▶ _PROBLEM TO SOLVE_:
Within the listing below, please copy exactly the lines between the line holding "Hi, I'm Nanogirl" and the line holding "Here we have", inclusive.

▶ _DATA PROVIDED_:
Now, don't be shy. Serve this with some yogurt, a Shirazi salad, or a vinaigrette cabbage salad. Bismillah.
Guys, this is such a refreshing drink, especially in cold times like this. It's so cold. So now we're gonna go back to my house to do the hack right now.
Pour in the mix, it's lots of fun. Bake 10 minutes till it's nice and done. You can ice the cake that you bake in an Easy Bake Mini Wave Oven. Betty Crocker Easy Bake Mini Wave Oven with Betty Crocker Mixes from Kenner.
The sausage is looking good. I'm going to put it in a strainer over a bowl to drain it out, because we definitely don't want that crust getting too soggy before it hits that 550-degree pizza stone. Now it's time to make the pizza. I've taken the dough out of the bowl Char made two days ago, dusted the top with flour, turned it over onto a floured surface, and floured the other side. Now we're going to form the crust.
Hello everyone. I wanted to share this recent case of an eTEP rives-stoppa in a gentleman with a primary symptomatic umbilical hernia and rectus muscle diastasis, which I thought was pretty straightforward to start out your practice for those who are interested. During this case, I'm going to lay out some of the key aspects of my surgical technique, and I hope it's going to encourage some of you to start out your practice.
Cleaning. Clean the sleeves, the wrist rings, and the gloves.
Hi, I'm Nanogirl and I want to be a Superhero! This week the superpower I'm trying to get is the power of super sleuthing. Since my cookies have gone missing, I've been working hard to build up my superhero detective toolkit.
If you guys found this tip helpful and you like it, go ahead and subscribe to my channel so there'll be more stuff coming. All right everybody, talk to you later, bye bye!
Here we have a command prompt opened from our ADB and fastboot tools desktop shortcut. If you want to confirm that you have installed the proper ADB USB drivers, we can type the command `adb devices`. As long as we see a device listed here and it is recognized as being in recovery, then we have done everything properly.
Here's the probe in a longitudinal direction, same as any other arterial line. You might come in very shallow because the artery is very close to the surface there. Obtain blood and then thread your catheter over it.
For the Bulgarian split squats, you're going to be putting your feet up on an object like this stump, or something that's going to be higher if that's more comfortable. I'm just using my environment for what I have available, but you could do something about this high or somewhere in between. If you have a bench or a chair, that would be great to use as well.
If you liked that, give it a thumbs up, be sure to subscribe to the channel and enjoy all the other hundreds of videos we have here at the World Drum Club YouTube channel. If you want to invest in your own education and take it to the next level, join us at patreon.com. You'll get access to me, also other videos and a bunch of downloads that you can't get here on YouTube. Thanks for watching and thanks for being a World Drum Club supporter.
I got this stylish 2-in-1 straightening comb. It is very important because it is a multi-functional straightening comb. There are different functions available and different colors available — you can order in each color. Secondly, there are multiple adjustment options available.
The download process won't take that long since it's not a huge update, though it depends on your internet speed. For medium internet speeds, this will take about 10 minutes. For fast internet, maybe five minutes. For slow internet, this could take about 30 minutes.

▶ _SOLUTION FOR THIS TASK_:
Hi, I'm Nanogirl and I want to be a Superhero! This week the superpower I'm trying to get is the power of super sleuthing. Since my cookies have gone missing, I've been working hard to build up my superhero detective toolkit.
If you guys found this tip helpful and you like it, go ahead and subscribe to my channel so there'll be more stuff coming. All right everybody, talk to you later, bye bye!
Here we have a command prompt opened from our ADB and fastboot tools desktop shortcut. If you want to confirm that you have installed the proper ADB USB drivers, we can type the command `adb devices`. As long as we see a device listed here and it is recognized as being in recovery, then we have done everything properly.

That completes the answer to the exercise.